[Study material — start]

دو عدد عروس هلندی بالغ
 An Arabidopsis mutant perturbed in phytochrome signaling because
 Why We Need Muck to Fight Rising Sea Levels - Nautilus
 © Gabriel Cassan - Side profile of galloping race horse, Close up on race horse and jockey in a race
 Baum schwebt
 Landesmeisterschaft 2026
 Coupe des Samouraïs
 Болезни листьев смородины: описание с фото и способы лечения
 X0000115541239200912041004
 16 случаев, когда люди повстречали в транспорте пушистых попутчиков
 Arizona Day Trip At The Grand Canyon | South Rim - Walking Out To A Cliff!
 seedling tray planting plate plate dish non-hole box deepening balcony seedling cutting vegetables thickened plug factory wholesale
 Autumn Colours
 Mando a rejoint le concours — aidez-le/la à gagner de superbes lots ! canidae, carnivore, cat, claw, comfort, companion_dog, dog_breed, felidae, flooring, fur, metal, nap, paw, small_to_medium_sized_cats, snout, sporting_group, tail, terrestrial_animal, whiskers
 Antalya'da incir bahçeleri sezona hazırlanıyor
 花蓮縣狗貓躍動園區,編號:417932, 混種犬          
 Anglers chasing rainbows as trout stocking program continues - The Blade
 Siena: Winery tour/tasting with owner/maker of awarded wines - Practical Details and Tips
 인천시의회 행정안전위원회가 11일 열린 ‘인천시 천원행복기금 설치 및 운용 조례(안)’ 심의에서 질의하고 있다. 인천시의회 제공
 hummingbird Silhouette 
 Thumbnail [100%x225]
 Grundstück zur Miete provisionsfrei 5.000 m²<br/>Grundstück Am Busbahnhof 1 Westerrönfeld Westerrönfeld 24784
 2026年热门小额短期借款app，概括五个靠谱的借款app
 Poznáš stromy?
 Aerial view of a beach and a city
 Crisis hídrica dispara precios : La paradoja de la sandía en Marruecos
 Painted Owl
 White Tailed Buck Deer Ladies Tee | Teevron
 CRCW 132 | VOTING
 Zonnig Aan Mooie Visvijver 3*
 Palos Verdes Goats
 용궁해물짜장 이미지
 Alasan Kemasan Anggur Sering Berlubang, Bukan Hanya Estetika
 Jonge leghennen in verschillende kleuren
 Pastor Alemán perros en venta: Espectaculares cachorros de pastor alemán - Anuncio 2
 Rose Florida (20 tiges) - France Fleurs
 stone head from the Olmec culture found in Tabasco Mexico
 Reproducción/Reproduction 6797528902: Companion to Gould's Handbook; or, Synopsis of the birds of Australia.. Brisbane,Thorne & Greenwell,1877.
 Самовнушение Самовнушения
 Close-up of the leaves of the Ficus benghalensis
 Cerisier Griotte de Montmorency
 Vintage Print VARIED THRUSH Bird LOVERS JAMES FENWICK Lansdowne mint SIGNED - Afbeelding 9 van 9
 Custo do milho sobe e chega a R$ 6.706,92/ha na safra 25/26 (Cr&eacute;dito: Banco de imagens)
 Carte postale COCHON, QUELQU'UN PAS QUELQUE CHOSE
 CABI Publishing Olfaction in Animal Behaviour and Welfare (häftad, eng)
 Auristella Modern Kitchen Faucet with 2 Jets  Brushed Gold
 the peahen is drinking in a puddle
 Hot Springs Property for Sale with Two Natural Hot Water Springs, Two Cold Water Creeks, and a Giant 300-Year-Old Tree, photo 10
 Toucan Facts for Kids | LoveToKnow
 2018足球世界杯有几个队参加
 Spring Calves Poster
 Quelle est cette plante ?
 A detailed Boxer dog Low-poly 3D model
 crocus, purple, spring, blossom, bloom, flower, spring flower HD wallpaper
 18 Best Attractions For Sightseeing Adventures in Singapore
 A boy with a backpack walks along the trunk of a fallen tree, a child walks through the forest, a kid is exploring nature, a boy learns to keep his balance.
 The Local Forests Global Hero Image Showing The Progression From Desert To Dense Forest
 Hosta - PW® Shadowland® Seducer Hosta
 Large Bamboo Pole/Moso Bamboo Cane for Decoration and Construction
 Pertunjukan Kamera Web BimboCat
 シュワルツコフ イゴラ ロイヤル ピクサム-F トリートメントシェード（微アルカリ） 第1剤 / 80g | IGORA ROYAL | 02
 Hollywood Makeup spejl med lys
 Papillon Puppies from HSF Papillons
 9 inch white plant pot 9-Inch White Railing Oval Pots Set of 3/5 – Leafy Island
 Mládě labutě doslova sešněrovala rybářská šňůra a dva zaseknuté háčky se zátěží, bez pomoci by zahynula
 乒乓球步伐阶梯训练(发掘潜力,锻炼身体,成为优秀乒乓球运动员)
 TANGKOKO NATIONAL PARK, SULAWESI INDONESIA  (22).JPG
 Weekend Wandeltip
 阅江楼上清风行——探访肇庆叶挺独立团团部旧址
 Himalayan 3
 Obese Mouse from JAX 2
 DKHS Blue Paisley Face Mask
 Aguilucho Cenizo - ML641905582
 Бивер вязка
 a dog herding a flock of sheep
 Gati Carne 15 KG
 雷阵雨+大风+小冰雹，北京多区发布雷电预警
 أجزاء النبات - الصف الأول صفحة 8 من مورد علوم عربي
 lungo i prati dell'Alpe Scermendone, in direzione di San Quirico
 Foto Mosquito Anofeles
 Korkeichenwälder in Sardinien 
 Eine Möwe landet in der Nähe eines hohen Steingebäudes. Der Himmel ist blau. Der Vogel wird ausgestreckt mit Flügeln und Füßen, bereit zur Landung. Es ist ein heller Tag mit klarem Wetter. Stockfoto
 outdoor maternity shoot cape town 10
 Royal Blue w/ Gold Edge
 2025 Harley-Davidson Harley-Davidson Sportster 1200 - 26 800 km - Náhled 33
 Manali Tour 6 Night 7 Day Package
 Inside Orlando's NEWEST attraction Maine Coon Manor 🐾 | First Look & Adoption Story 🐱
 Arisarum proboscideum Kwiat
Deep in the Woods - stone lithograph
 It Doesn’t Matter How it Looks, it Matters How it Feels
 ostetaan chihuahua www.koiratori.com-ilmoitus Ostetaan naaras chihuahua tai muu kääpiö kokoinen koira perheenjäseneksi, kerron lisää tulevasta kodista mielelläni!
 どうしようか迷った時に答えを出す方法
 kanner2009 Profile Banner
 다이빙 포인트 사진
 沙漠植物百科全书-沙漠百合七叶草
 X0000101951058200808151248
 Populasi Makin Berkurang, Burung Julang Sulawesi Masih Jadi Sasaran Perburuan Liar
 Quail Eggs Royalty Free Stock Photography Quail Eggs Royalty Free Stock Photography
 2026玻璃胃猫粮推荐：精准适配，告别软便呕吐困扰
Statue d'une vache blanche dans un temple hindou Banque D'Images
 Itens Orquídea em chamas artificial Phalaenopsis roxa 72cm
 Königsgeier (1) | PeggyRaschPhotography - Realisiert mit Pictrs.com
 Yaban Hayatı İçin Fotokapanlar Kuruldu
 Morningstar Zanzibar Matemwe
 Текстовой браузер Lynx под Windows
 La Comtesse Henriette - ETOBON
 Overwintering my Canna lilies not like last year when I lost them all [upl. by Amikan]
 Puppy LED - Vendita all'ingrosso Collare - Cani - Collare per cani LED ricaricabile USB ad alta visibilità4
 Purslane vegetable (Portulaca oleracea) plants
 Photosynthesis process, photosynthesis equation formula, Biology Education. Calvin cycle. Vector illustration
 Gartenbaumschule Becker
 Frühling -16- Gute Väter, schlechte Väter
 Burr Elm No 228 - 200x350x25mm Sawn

[Study material — finish]

> _Task details_: Please give an exact copy of the lines above, beginning with the line containing "Grundstück zur Miete" and running through the line containing "Cerisier Griotte de Montmorency", and of no other lines.

> _Response for this exercise_:
 Grundstück zur Miete provisionsfrei 5.000 m²<br/>Grundstück Am Busbahnhof 1 Westerrönfeld Westerrönfeld 24784
 2026年热门小额短期借款app，概括五个靠谱的借款app
 Poznáš stromy?
 Aerial view of a beach and a city
 Crisis hídrica dispara precios : La paradoja de la sandía en Marruecos
 Painted Owl
 White Tailed Buck Deer Ladies Tee | Teevron
 CRCW 132 | VOTING
 Zonnig Aan Mooie Visvijver 3*
 Palos Verdes Goats
 용궁해물짜장 이미지
 Alasan Kemasan Anggur Sering Berlubang, Bukan Hanya Estetika
 Jonge leghennen in verschillende kleuren
 Pastor Alemán perros en venta: Espectaculares cachorros de pastor alemán - Anuncio 2
 Rose Florida (20 tiges) - France Fleurs
 stone head from the Olmec culture found in Tabasco Mexico
 Reproducción/Reproduction 6797528902: Companion to Gould's Handbook; or, Synopsis of the birds of Australia.. Brisbane,Thorne & Greenwell,1877.
 Самовнушение Самовнушения
 Close-up of the leaves of the Ficus benghalensis
 Cerisier Griotte de Montmorency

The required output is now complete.